Occupant deux fois moins d’espace sur les cartes mémoire que le JPEG à qualité égale, le nouveau format d’image HEIF (High Efficiency Image file Format) est en train de creuser son trou. Après son adoption par Apple dans iOS 11 et l’annonce de son support dans la future version d’Android P, c’est au tour de Microsoft d’annoncer sa prise en charge dans la future mise à jour de Windows… et d’ores et déjà pour les utilisateurs qui ont passé leur système en mode « insider ». Pour en profiter, il faut télécharger les pré-versions « Preview Build » 17123 (Redstone 4) ou 17623 (Redstone 5) qui préfigurent des mises à jours du printemps (17123) et de l’automne (17623) prochain. Impossible pour l’heure de savoir laquelle des deux versions sera la première à intégrer ce nouveau format, mais une chose est sûre : HEIF arrive, et c’est une très bonne chose.

Le HEIF c’est quoi (et pourquoi c’est bien) ?

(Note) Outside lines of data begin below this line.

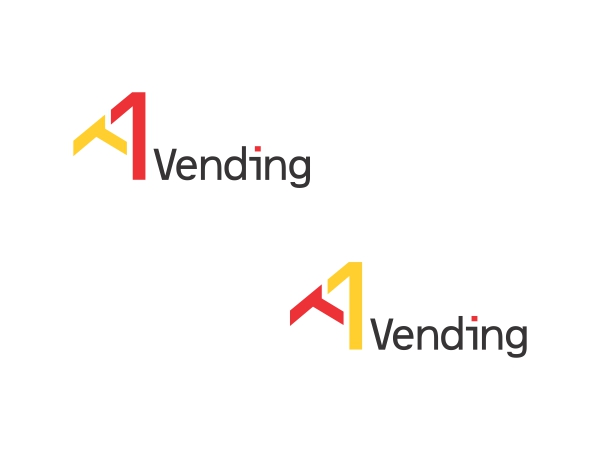 Logo-Design von Savitra für A-1 Vending | Design #3580044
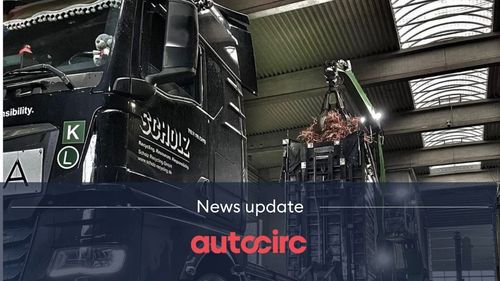 Autocirc and Scholz Group sign Letter of Intent to expand European market reach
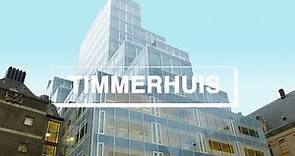 ROTTERDAM'S TIMMERHUIS IS NOW OPEN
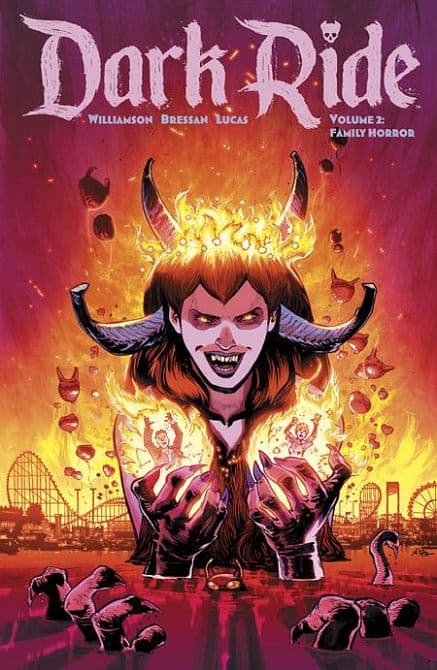 DARK RIDE TP VOL 2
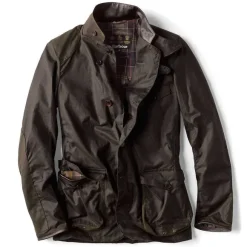 Men Orvis Jackets|Barbour® Beacon Sports Jacket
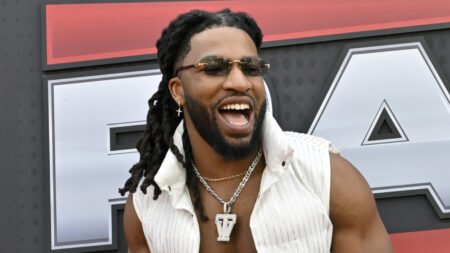 WWE’s Trick Williams Credits Family For Promo Skills: ‘It’s In My DNA To Talk Trash’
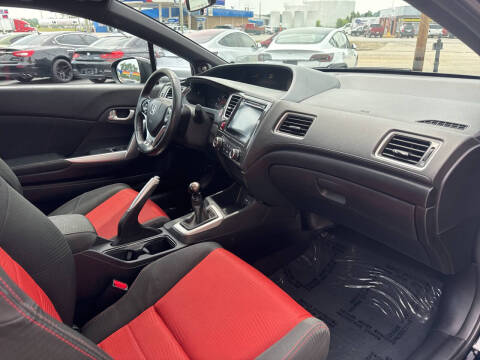 2014 Honda Civic Si w/Navi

Jpeg est bien, Jpeg est ouvert, Jpeg est compatible… mais Jpeg est vieux. Notre vénérable format d’image que lisent et/ou écrivent par défaut la totalité des appareils électroniques de ces 20 dernières années (appareils photo, ordinateurs, smartphones, etc.) est arrivé au bout de ses capacités. En basculant sur HEIF, les constructeurs cherchent deux améliorations : un format plus riche en fonctionnalités et moins encombrant sur les supports de stockage.

Le HEIF est la partie « image » du codec vidéo h265 (image + son) que vous connaissez aussi sous le nom de HEVC. Un codec très performant qui profite de la puissance toujours plus grande des processeurs actuels pour compresser l’image et le son de manière efficace. C’est grâce au HEVC/h265 que Netflix peut envoyer de la 4K sur des connexions à 15/20 mbits quand il fallait le double avec le précédent codec h264.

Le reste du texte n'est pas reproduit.